# Looking for an Album



## Yourmum90 (Apr 13, 2008)

Good Afternoon,

I will be honest i am not a great Classical Music lover my self but my father in law loves it. I am looking to buy him a CD as part of his Birthday Present and i am looking for a particular album. I have no idea what its called but i know all the tracks mix into one another and it seemed to be a little more up beat than normal (sampled). I am also told that it is all played on electric instruments and that the front cover of the album has a robotic orchestra with electric instruments.

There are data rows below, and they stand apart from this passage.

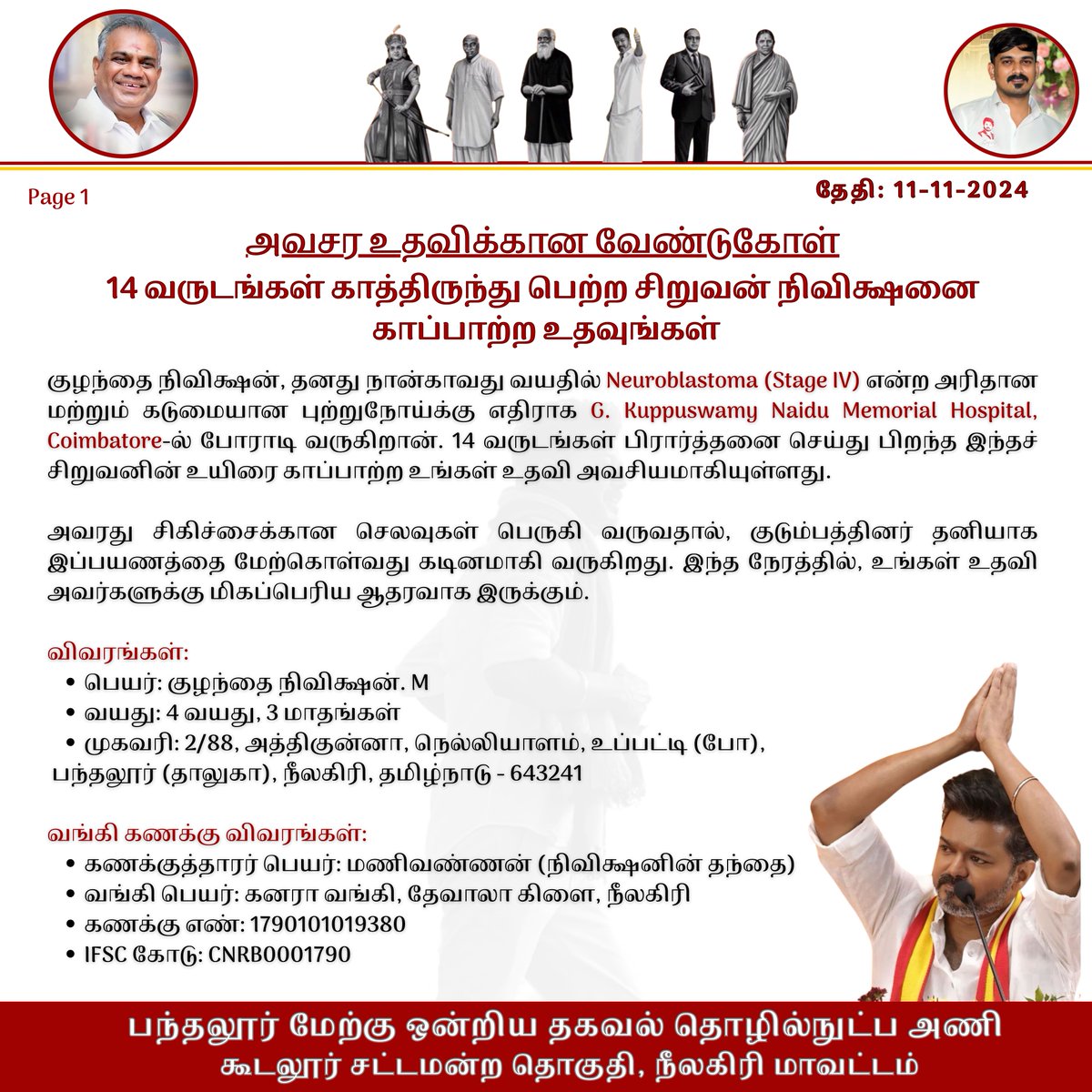 Yaresh2's tweet image. Dear TVK friends, please share this with your network. Baby Nivikshan, age 4, is battling Stage IV Neuroblastoma and urgently needs financial support for treatment at G. Kuppuswamy Naidu Memorial Hospital. Every bit helps. Medical documents attached. #HelpNivikshan #SupportNeeded…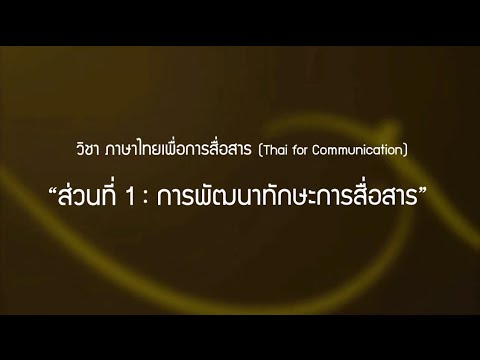 วีดีโอ: แบบฝึกหัดเพื่อพัฒนาทักษะการสื่อสาร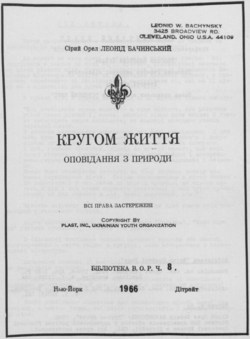 Подивитися всі номери ‘’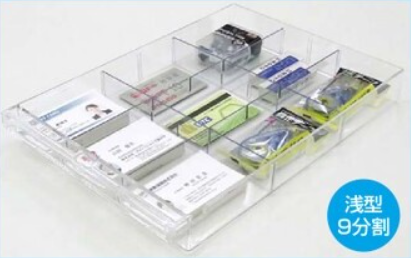 浅型 9分割 タテ ヨコ 仕切り板 仕分け 専用トレー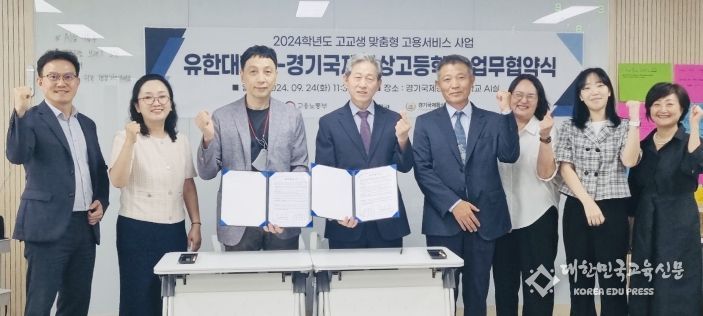 유한대학교, 경기국제통상고와 고교 맞춤형 고용 서비스 사업 업무협약 체결
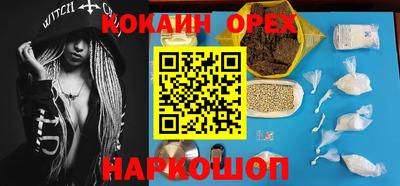 МДМА Бугуруслан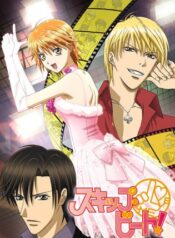 Skip-Beat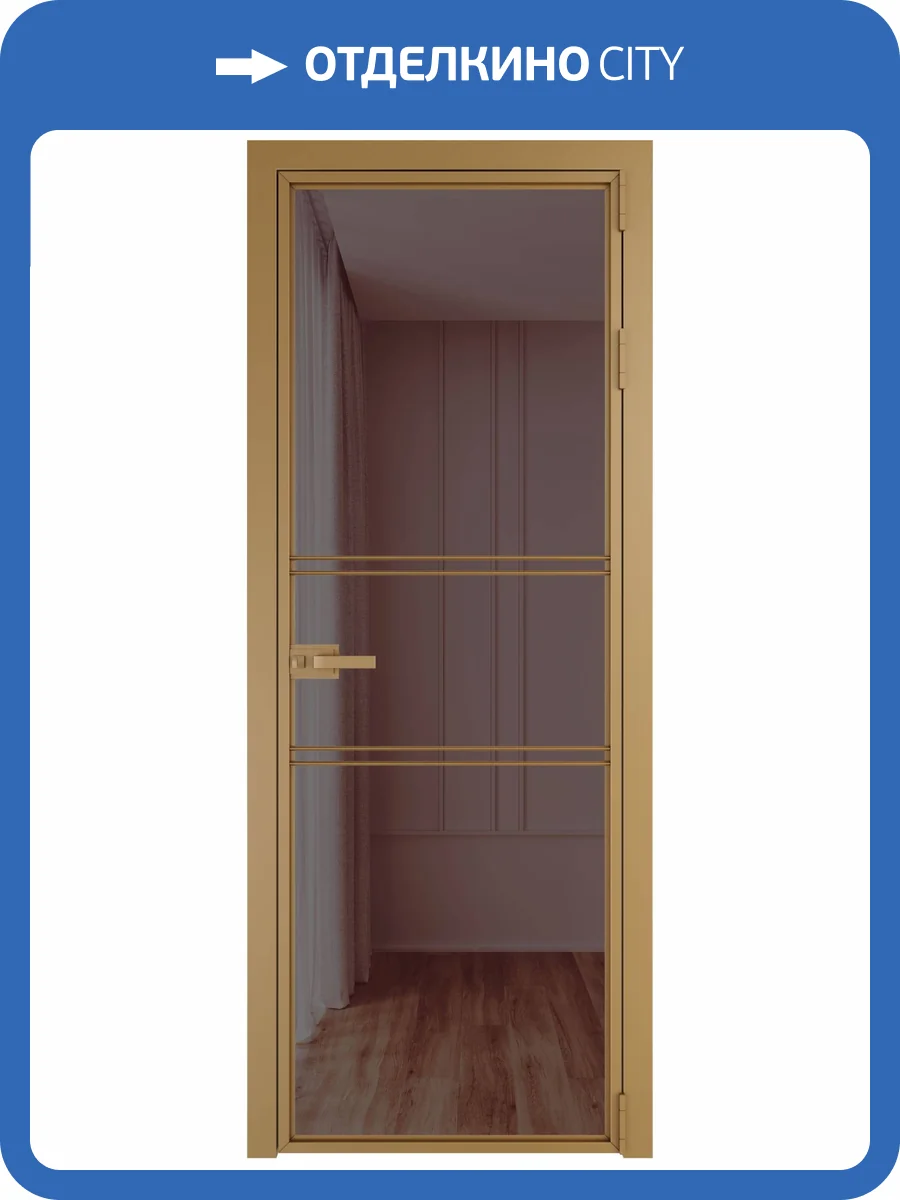 Межкомнатная дверь Profil Doors 2 AX цвет профиля Золото, стекло безопасное 6 мм золотистая бронза 600x2000 фото 2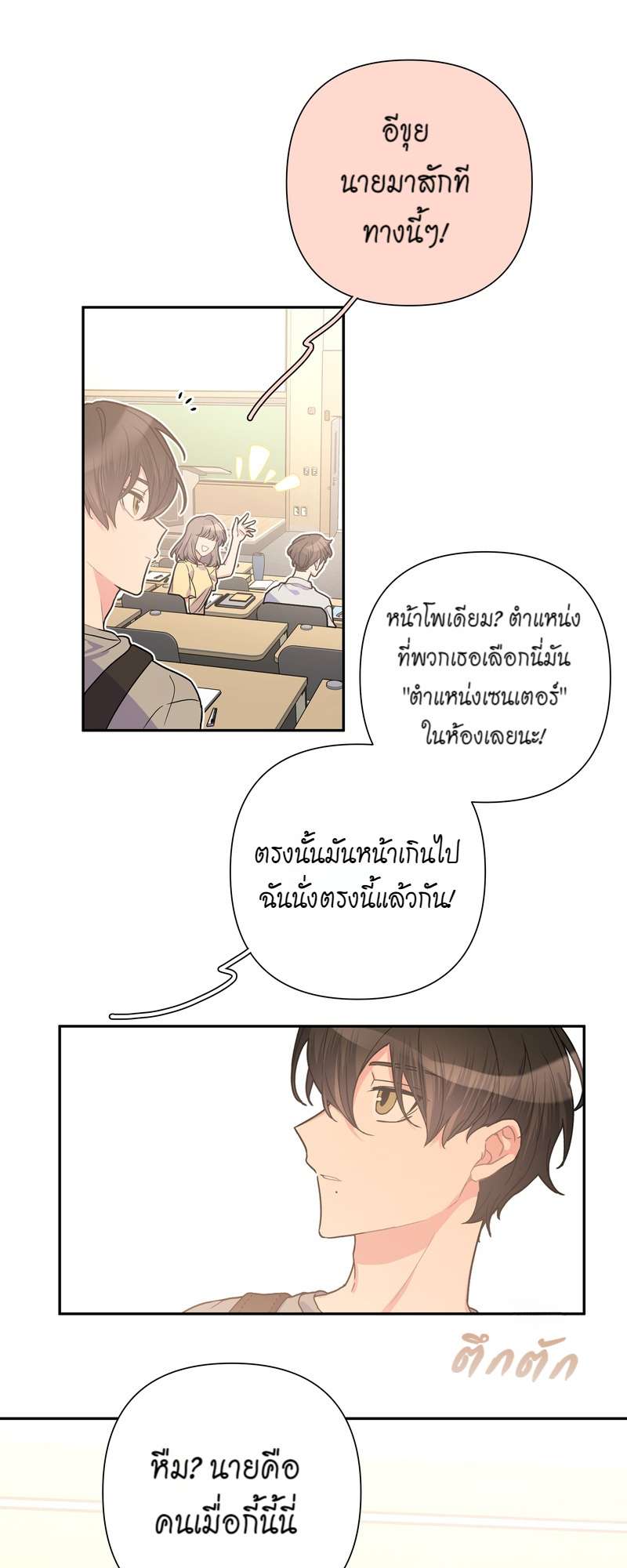 หน้า 39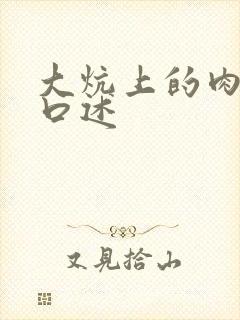 大炕上的肉体乱口述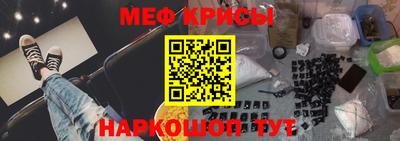альфа пвп Славянск-на-Кубани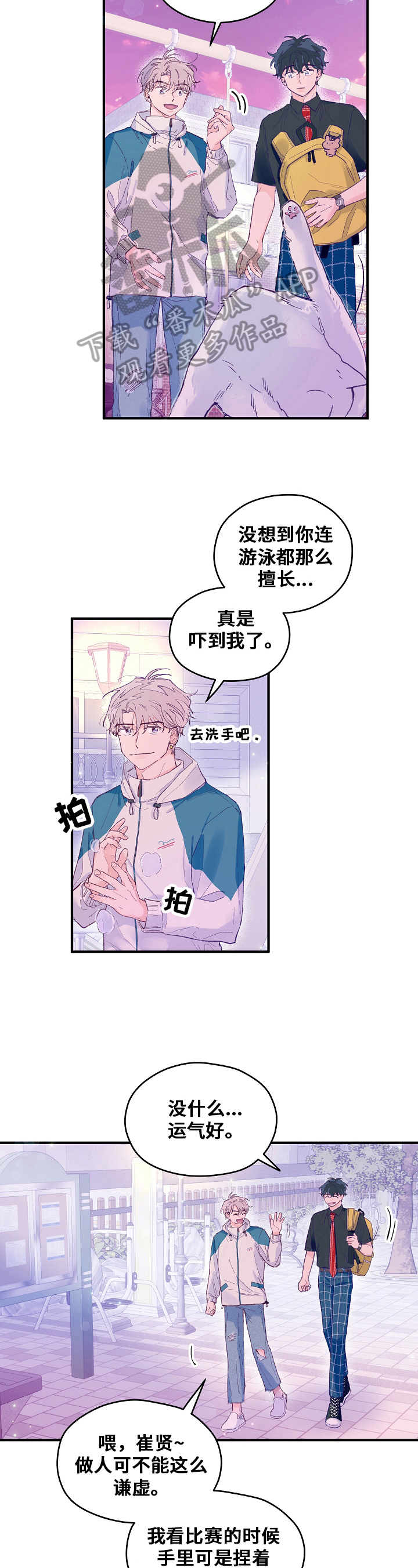 第15章：自己想想4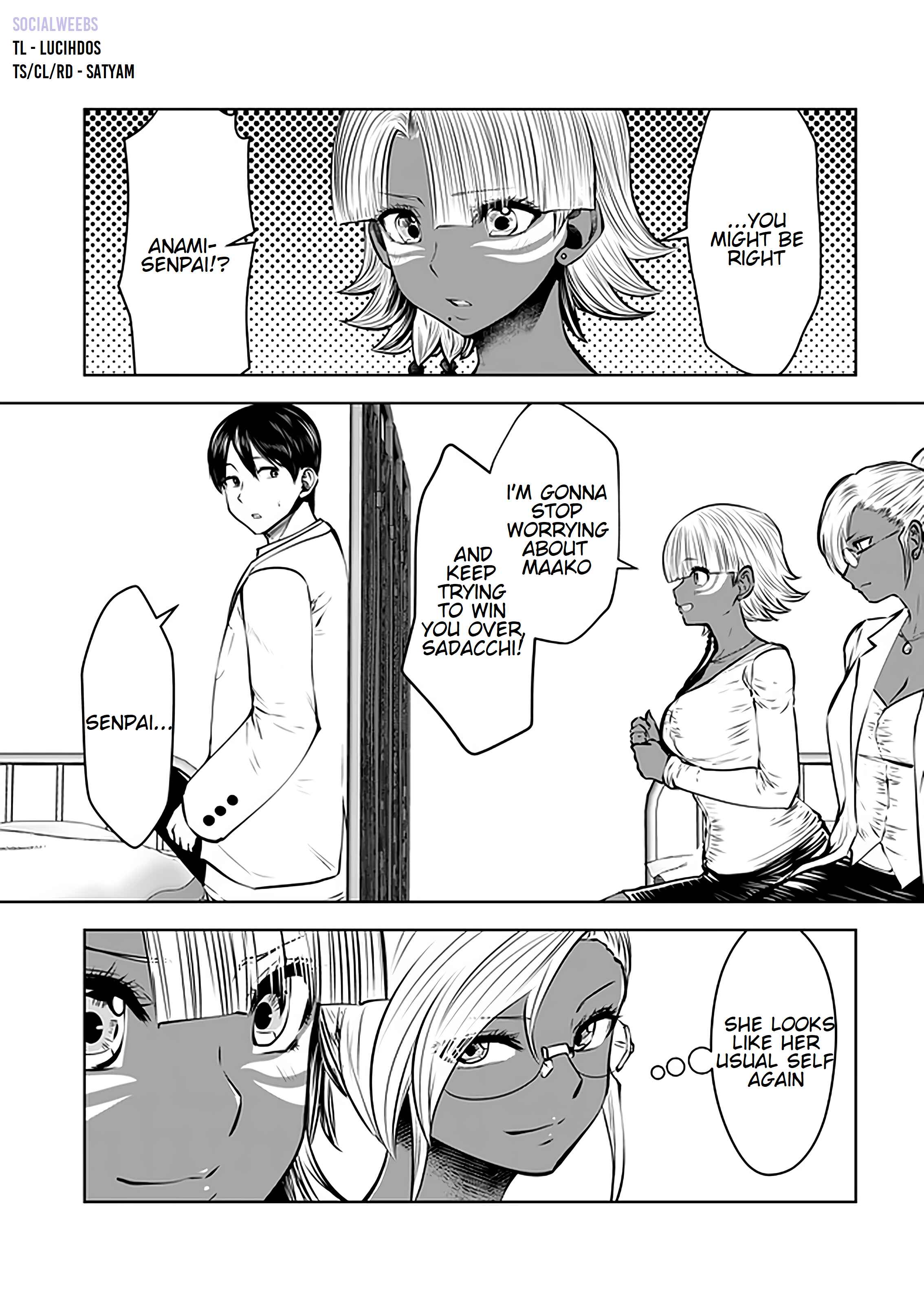 Black Gakkou ni Tsutomete Shimatta Sensei Chapter 17.4 - Page 1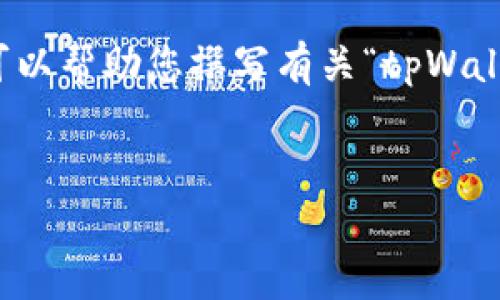由于我是一个文本模型，无法提供图片或下载链接，但我可以帮助您撰写有关“tpWallet下载步骤”的详细说明。以下是符合您要求的内容框架。


tpWallet下载步骤详解：轻松获取你的数字钱包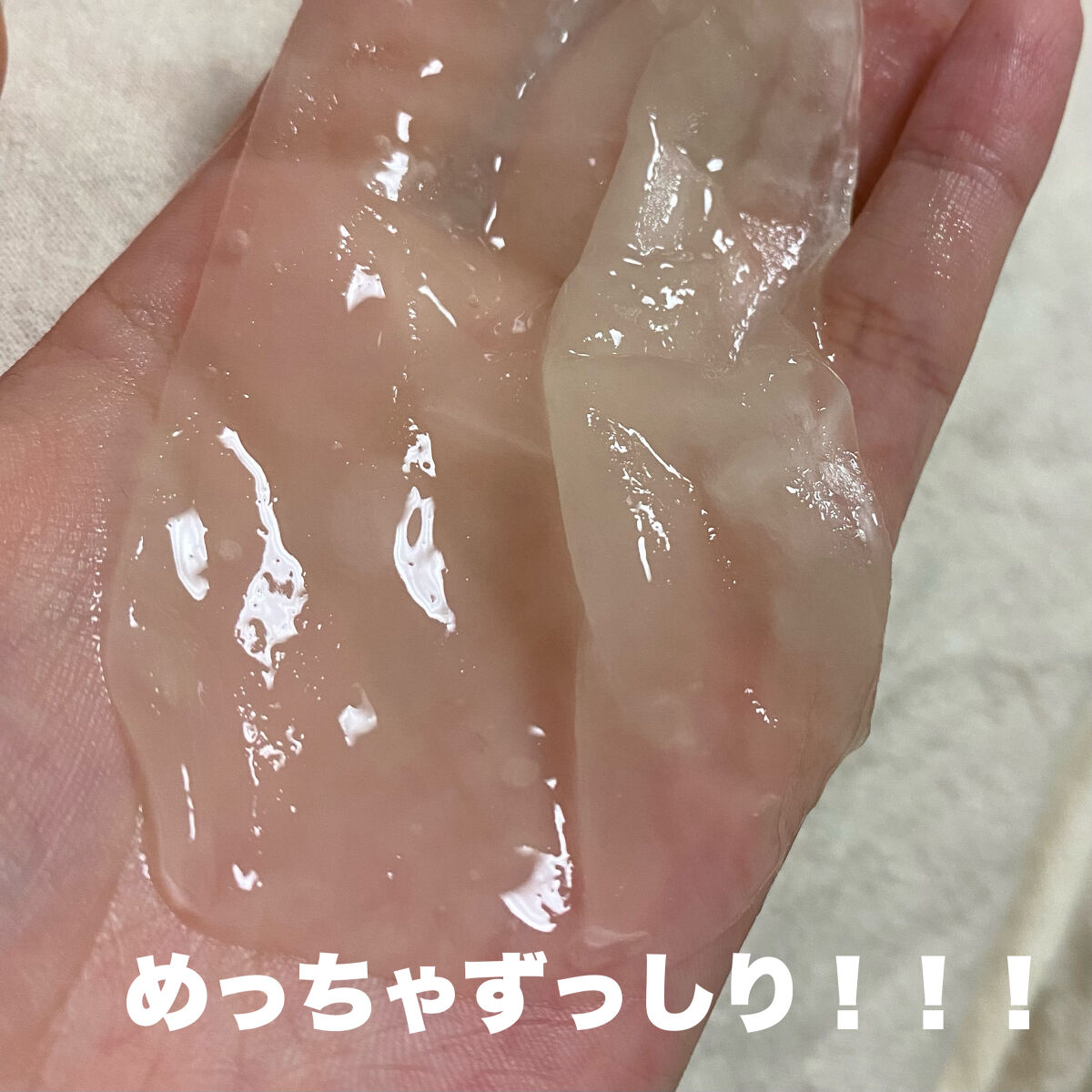 を使ったクチコミ（2枚目）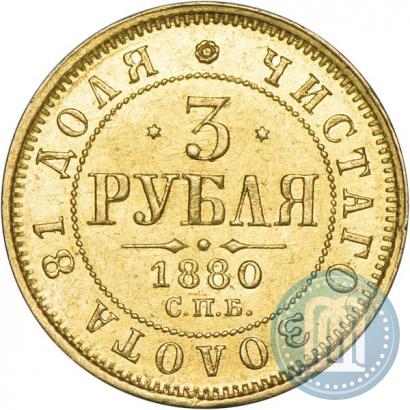 Picture 3 roubles 1880 year СПБ-НФ 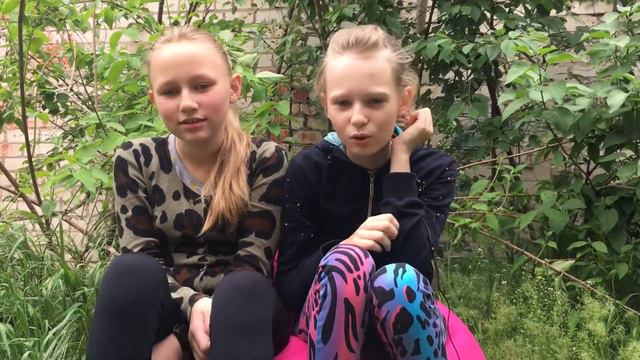 Игра покажи эмоцию с Beauty lera смотреть онлайн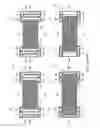 Fig. 02 - Flow field plate for improved coolant flow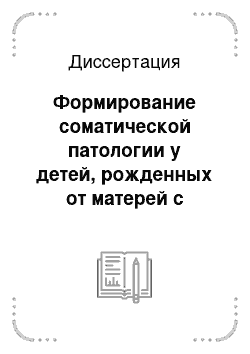 Диссертация: Формирование соматической патологии у детей, рожденных от матерей с герпетической инфекцией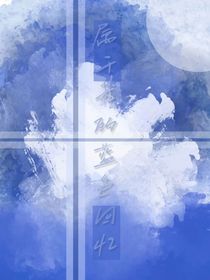 属于我的蓝色回忆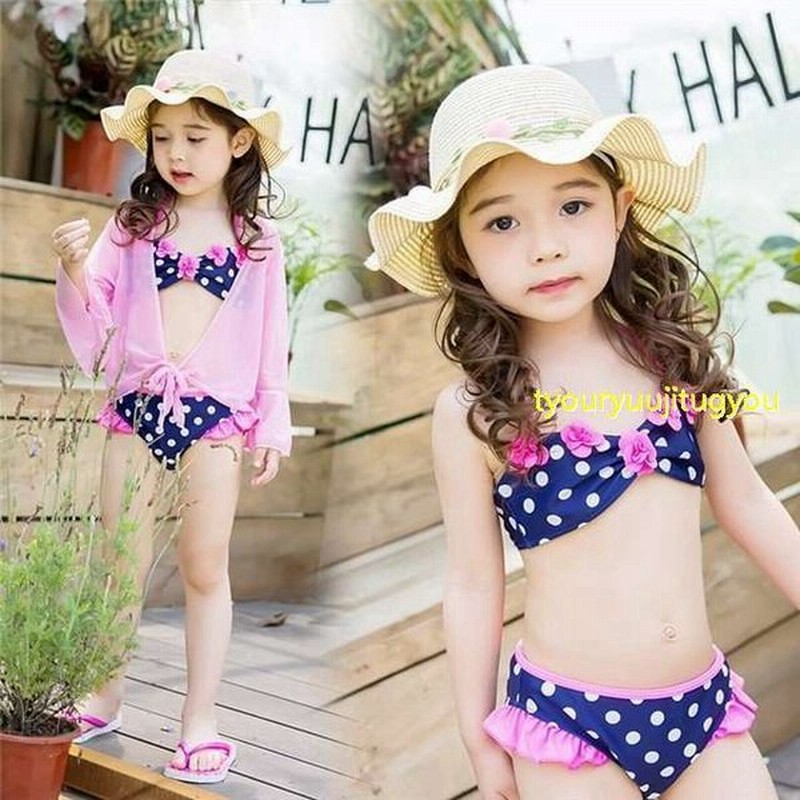 子供服 女の子 水着 3点セットお嬢様風 上下別水着 日焼けカバー 水着セットキッズ お洒落 ビキニ フリルビキニ ラッシュガード 通販 Lineポイント最大get Lineショッピング
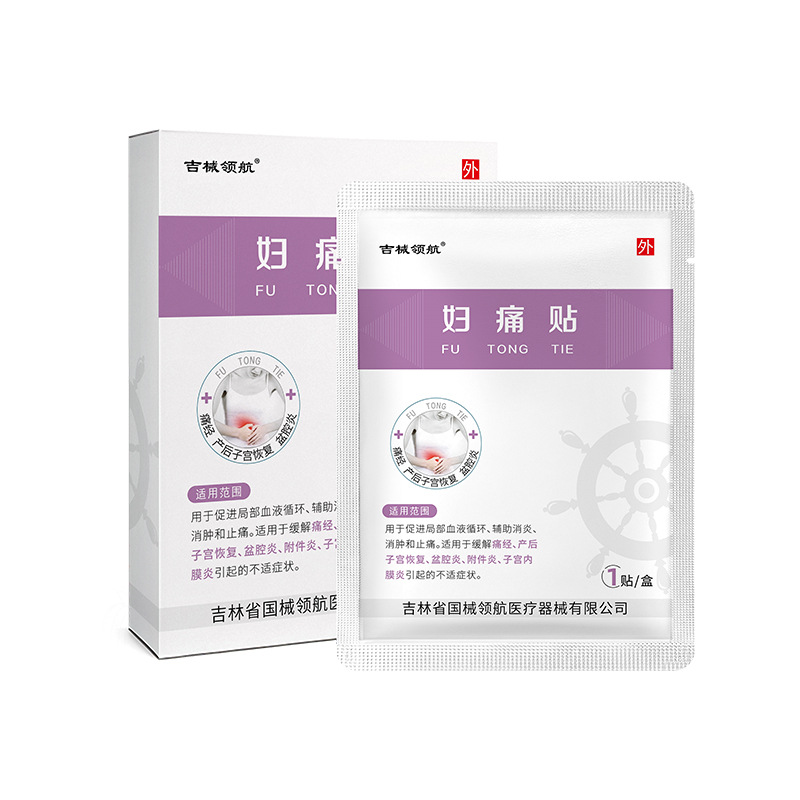 Medical gynecological pain patch, warm baby, dysmenorrhea, postpartum uterine recovery, pelvic inflammatory disease, adnexitis, endometritis, OEM Item Picture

I know this is not a lot to go on but your help is most appreiciated.

Richard


----------



## Methodistgirl (Apr 3, 2008)

I think you are asking about Animusic or something like that. You would have
to get videos of it instead of just a cd. I watched it on the net the other night.
It was amazing what this guy did to program such a video. It's very different
with a classical theme. All I can say is try it.
judy tooley


----------



## Rondo (Jul 11, 2007)

I remember an old cassette tape that was given to me over a decade ago that was like what you just described. It may be hard to find now, but the name of it was _Hooked on Classics._ It plays medleys of classical tunes, all using electronic instruments and a steady drum beat (that always seemed to bug the bejeebs out of me).


----------



## Yourmum90 (Apr 13, 2008)

Hello thank you for your speedy replies, i have managed to find the Hooked On Classics CD's i think there is 5 of them. Not to sure on the video theroy but i have heard this music on a tape somewhere. I think this CD has mainly Beethoven, 4 seasons and Bach i appologise now if they are spelt incorrectly. Dam shame this CD is not easy to get hold of, i thought the front cover descripton may raise some more feedback but i guess its rare


----------



## Rondo (Jul 11, 2007)

I'm surprised you were able to find them on Compact Disc.


----------